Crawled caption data
-------

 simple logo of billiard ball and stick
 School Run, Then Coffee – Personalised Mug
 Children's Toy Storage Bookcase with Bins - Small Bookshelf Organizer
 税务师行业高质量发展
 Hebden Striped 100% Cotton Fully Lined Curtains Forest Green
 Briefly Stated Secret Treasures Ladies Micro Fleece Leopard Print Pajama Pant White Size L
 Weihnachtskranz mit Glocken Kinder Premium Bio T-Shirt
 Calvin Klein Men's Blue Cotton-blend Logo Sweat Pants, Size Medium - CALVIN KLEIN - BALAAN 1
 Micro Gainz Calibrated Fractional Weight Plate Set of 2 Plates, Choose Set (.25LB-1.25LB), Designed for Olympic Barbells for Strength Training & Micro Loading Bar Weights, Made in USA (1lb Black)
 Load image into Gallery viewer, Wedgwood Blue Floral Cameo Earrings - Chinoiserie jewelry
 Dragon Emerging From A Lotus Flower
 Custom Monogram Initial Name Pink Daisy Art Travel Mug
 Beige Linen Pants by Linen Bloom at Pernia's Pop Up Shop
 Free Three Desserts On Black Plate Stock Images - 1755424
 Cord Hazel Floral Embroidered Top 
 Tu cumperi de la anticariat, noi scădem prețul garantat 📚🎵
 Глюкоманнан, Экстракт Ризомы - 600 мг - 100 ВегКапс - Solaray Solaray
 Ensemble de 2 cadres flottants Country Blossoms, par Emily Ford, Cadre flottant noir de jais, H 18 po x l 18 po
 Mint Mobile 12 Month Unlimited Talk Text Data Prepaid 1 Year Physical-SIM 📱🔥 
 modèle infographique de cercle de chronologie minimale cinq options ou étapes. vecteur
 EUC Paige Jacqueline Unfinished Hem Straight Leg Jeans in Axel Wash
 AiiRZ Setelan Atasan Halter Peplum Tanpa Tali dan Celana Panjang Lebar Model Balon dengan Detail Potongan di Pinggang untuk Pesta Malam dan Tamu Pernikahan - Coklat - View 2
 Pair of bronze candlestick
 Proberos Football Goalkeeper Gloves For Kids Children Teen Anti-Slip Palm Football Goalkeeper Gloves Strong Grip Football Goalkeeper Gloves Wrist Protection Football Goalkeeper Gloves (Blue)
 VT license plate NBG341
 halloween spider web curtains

-------

What is required:
Set the records above down again, exactly as they read.

Answer for the task:
 simple logo of billiard ball and stick
 School Run, Then Coffee – Personalised Mug
 Children's Toy Storage Bookcase with Bins - Small Bookshelf Organizer
 税务师行业高质量发展
 Hebden Striped 100% Cotton Fully Lined Curtains Forest Green
 Briefly Stated Secret Treasures Ladies Micro Fleece Leopard Print Pajama Pant White Size L
 Weihnachtskranz mit Glocken Kinder Premium Bio T-Shirt
 Calvin Klein Men's Blue Cotton-blend Logo Sweat Pants, Size Medium - CALVIN KLEIN - BALAAN 1
 Micro Gainz Calibrated Fractional Weight Plate Set of 2 Plates, Choose Set (.25LB-1.25LB), Designed for Olympic Barbells for Strength Training & Micro Loading Bar Weights, Made in USA (1lb Black)
 Load image into Gallery viewer, Wedgwood Blue Floral Cameo Earrings - Chinoiserie jewelry
 Dragon Emerging From A Lotus Flower
 Custom Monogram Initial Name Pink Daisy Art Travel Mug
 Beige Linen Pants by Linen Bloom at Pernia's Pop Up Shop
 Free Three Desserts On Black Plate Stock Images - 1755424
 Cord Hazel Floral Embroidered Top 
 Tu cumperi de la anticariat, noi scădem prețul garantat 📚🎵
 Глюкоманнан, Экстракт Ризомы - 600 мг - 100 ВегКапс - Solaray Solaray
 Ensemble de 2 cadres flottants Country Blossoms, par Emily Ford, Cadre flottant noir de jais, H 18 po x l 18 po
 Mint Mobile 12 Month Unlimited Talk Text Data Prepaid 1 Year Physical-SIM 📱🔥 
 modèle infographique de cercle de chronologie minimale cinq options ou étapes. vecteur
 EUC Paige Jacqueline Unfinished Hem Straight Leg Jeans in Axel Wash
 AiiRZ Setelan Atasan Halter Peplum Tanpa Tali dan Celana Panjang Lebar Model Balon dengan Detail Potongan di Pinggang untuk Pesta Malam dan Tamu Pernikahan - Coklat - View 2
 Pair of bronze candlestick
 Proberos Football Goalkeeper Gloves For Kids Children Teen Anti-Slip Palm Football Goalkeeper Gloves Strong Grip Football Goalkeeper Gloves Wrist Protection Football Goalkeeper Gloves (Blue)
 VT license plate NBG341
 halloween spider web curtains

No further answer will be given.